If history is any indication, the CEOs of these institutions will order their risk managers back to the drawing board to formulate new, improved models. That's the wrong approach.

As Walter B. Wriston, the legendary former chairman of Citicorp, used to say, "Trouble always comes through the window you're not watching."

It is not likely that financial services firms will ever be able to devise the perfect quantitative model that will alert top management to a debacle in the making. Each time they will discover — after the damage has been done, of course — that there was some unexpected turn of events that the quants failed to account for.

Instead, CEOs and directors must adopt a more common-sense approach that relies on the good will and experience of employees who might not be mathematical wizards but know when some business practice or activity does not pass the smell test.

In virtually every corporate scandal I have covered or followed as a student of financial crises, beginning with the 1982 collapse of Penn Square Bank of Oklahoma City, at least one person witnessed wrongdoing, unethical behavior, or imprudent business practices and courageously tried to stop it.

At Continental Illinois, which failed in 1984 largely because of $1 billion of bad oil and gas loans purchased from Penn Square, a banker named Kathy Kenefick yelled and screamed about Penn Square but was ignored and derided.

Ditto for Enron and Worldcom in the last round of scandals, and for Fannie Mae, Freddie Mac, Citigroup, Moody's, and Standard & Poor's in the current round. These bearers of bad news were typically brushed off as misguided or disgruntled.

Inevitably, government investigations and civil lawsuits will uncover more examples.

Rather than continue to shoot the messenger, the financial services industry, and indeed all of corporate America, should focus on developing risk management and governance systems that reward and honor these whistle-blowers.
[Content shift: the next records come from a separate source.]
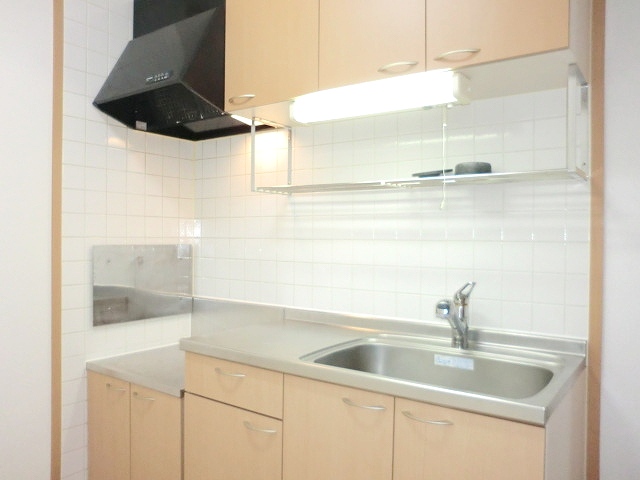 フロレスタカマクラⅠ キッチン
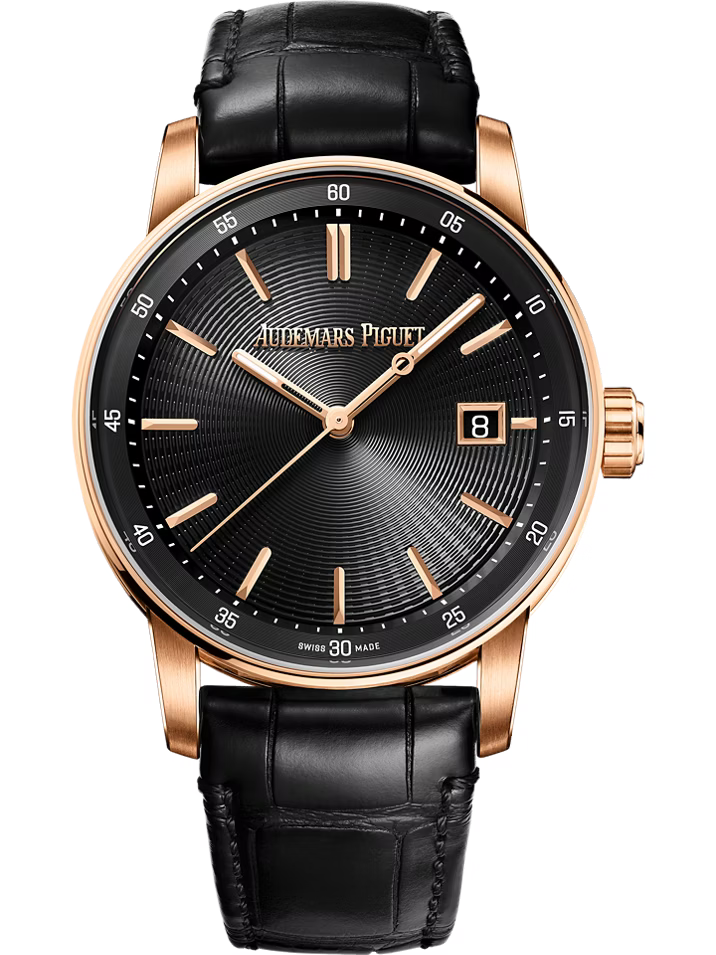 AUDEMARS PIGUET CODE 11.59 SELFWINDING 38MM 18-CARAT PINK GOLD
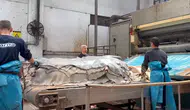 Doğru yüzülen kurban derisi ekonomiye katkı sağlıyor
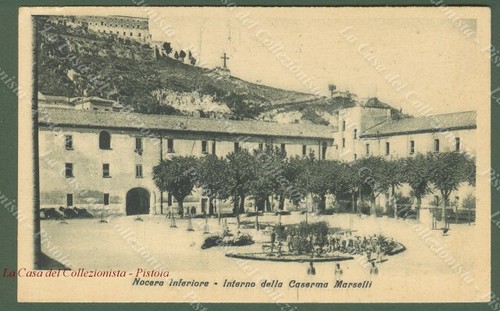 Nocera inferiore - nocera, inferiore(salerno)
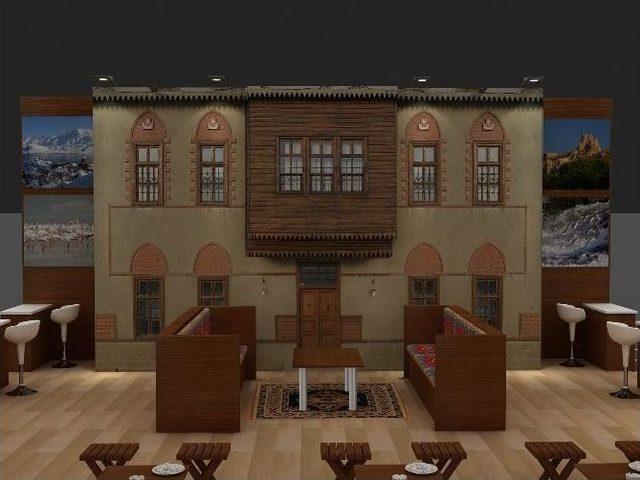 Van&rsquo;ın Tanıtımında Yeni Konsept 2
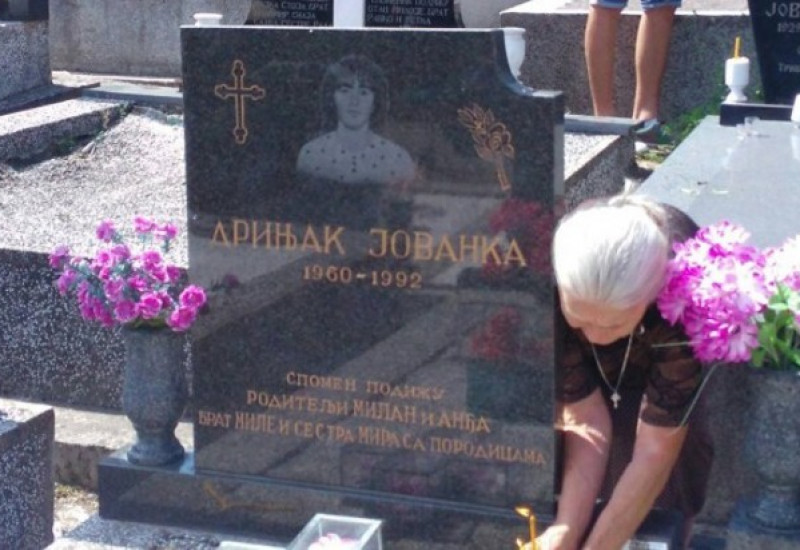 U utorak 27 godina od stradanja Srba u Jabuci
These systems must enable the most junior clerk who smells trouble that threatens the institution's survival or reputation to bypass the chain of command and communicate concerns, without fear of retribution, to the CEO and the board risk management committee.

Top managers should make it clear, in writing, that protecting the company's reputation is every employee's duty. Public companies that implement such programs and can convince investors that they are committed to making them work might actually be rewarded with higher market valuations than those that do not subscribe to this approach.

Implementing this kind of program might also enable private-sector institutions to get one step ahead of Congress and bank regulators as they contemplate reform legislation aimed at preventing future meltdowns.

Such a system will not save institutions that insist on flirting with financial disaster — only those whose top management values the input of people in the trenches. There will always be CEOs and directors who, for various reasons, reject the warnings of the in-house doomsayers.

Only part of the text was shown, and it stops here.